Apparently the carbon tax will be shut down as early as May 30th. Question is, how long will it take for the Feds to implement theirs, and what will be the end result? According to the article, the feds carbon tax will be slightly cheaper, but the money just into general revenue correct? or does it come back to the province?
Slightly lower this year, the same next year. The money is mostly returned to individuals by rebate cheque, and each province has a different amount calculated, so Alberta revenue isn’t transferred to other provinces. The province could opt to receive the full amount to spend as they saw fit as well.
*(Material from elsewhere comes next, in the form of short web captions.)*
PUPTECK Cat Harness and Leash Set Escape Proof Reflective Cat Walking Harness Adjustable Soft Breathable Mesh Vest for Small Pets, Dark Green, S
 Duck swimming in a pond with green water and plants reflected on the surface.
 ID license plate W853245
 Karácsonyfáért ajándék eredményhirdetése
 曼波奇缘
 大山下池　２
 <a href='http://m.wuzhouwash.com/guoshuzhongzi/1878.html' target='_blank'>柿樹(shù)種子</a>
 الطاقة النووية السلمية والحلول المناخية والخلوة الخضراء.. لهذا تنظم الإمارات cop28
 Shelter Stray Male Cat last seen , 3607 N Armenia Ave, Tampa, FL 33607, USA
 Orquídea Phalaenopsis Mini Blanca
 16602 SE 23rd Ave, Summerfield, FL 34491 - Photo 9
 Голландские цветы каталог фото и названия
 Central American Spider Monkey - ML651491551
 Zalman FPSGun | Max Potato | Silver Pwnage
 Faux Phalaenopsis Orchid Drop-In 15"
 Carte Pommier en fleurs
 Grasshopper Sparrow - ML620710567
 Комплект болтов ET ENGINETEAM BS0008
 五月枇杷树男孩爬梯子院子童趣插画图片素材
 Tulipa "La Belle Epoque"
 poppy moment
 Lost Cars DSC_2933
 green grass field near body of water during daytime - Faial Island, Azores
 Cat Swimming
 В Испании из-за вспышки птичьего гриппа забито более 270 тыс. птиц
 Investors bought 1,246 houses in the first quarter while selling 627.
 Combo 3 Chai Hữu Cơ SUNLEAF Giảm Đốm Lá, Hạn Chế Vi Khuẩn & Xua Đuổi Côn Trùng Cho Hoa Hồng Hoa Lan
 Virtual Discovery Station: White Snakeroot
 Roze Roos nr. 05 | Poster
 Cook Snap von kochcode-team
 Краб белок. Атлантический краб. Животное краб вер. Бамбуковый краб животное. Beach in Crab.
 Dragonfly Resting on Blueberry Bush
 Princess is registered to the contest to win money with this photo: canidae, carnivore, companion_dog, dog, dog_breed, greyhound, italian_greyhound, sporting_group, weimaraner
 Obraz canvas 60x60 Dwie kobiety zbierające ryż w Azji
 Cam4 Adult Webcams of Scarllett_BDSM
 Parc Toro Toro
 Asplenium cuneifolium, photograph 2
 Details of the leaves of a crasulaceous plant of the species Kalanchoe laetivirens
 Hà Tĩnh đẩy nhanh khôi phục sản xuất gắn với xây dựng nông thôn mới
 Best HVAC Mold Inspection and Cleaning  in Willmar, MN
The feds in theory could start the next day if the province passes the legislation in time since the imposition of the tax only needs an order in council. I bet it is a month or two though.

The province’s scheduled end date is pretty ambitious since they need to pass legislation. 50/50 whether they get it done in time.
 
Scheer announces a plan for a national energy corridor. Something our current PM should have done already, had he any care for the energy industry in Canada.
Surprisingly, the Elizabeth May just announced support for eliminating oil imports in favour of our own oilsands. Is it possible the Greens and the P.C's are aligning???? Nooooooooooo...
 
I don't really understand the national energy corridor concept. It isn't like the feds could designate land where all the rules around consultation and environmental assessments don't apply. The establishment of a corridor itself would be subject to so many lawsuits. It is something that sounds like a good idea until you actually think about it, sorta like Energy East. By chance, this idea was proposed by the Wildrose way back when, and now a few former Wildrose staffers are working for Scheer, and this concept pops up again.

Also, I've said it before, and I'll say it again: there is no reason to do an Energy East 2.0. It would be an expensive, inefficient, wasteful project that would make Alberta poorer. The entire project doesn't exist as anything other than a point of rhetoric at this point. Also: it would be even more expensive than the massively over projections before a shovel was in the ground Energy East 1.0 was turning into, because there is no longer an underused natural gas line to convert.

As for the greens, I don't think they really understand what it means when they propose what they do. In any case for Alberta, the most natural result of a domestic oil only policy would be Canada consuming expensive Newfoundland offshore Brent which is currently being exported, replacing cheaper American imports, while maybe increasing synthetic sweet by rail east bound.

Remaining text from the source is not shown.